Coalition govt reached in Austria signals shift to right

December 15, 2017
Heinz-Christian Strache, left, chairman of the right-wing Freedom Party, FPOE, at a press conference with Foreign Minister and leader of the Austrian People's Party, OEVP, Sebastian Kurz, after forming a new coalition government in Vienna, Austria, Friday, Dec. 15, 2017. (AP Photo/Ronald Zak)

BERLIN (AP) — Conservative and nationalist parties in Austria reached a deal on Friday to form a new coalition government that will shift the country to the right and make 31-year-old Sebastian Kurz Europe’s youngest leader.

Kurz’s conservative Austrian People’s Party finished first in the country’s Oct. 15 election. It then embarked on coalition talks with the right-wing Freedom Party, led by Heinz-Christian Strache.

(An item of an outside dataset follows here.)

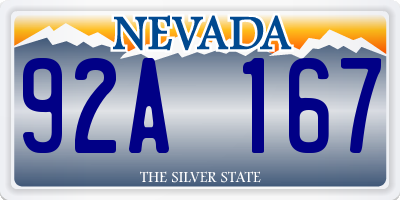 NV license plate 92A167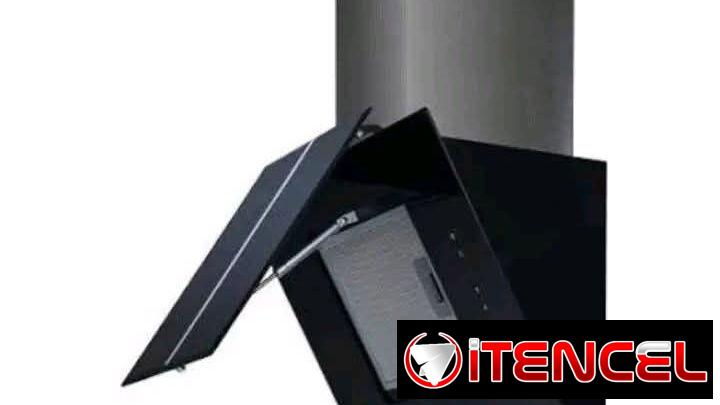 Extractor de grasa de 60 cm marca Drija vidrio negro 2 bombillos LED bordes de acero chimenea panel digital filtro impor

The two leaders gave few details late Friday as they announced their agreement in Vienna, saying they would talk at greater length after presenting their plans to President Alexander Van der Bellen on Saturday. They took no questions from reporters.

Kurz, who will be the new chancellor, said the new government would work to reduce Austrians’ tax burden, strengthen the economy and “above all, we want to ensure more security in our country, including by fighting illegal immigration.”

Before the election, both parties campaigned on the need for tougher immigration controls, quick deportations of asylum-seekers whose requests are denied and a crackdown on radical Islam.

Neither leader addressed the new government’s approach to European policy during their brief appearance. Austria will hold the 28-nation European Union’s rotating presidency in the second half of next year.

Kurz has stressed the importance of a pro-European direction, while the Freedom Party traditionally has been strongly euroskeptic.

Kurz is foreign minister in the outgoing government under Chancellor Christian Kern, a center-left Social Democrat. His party has been the junior partner in that government.

Kurz said that Austrians had voted “for change in our country, and we want to ensure this change in the next five years.” He said it also was important to ensure “a new political style in dealing with each other in Austria” after persistent bickering in the old government.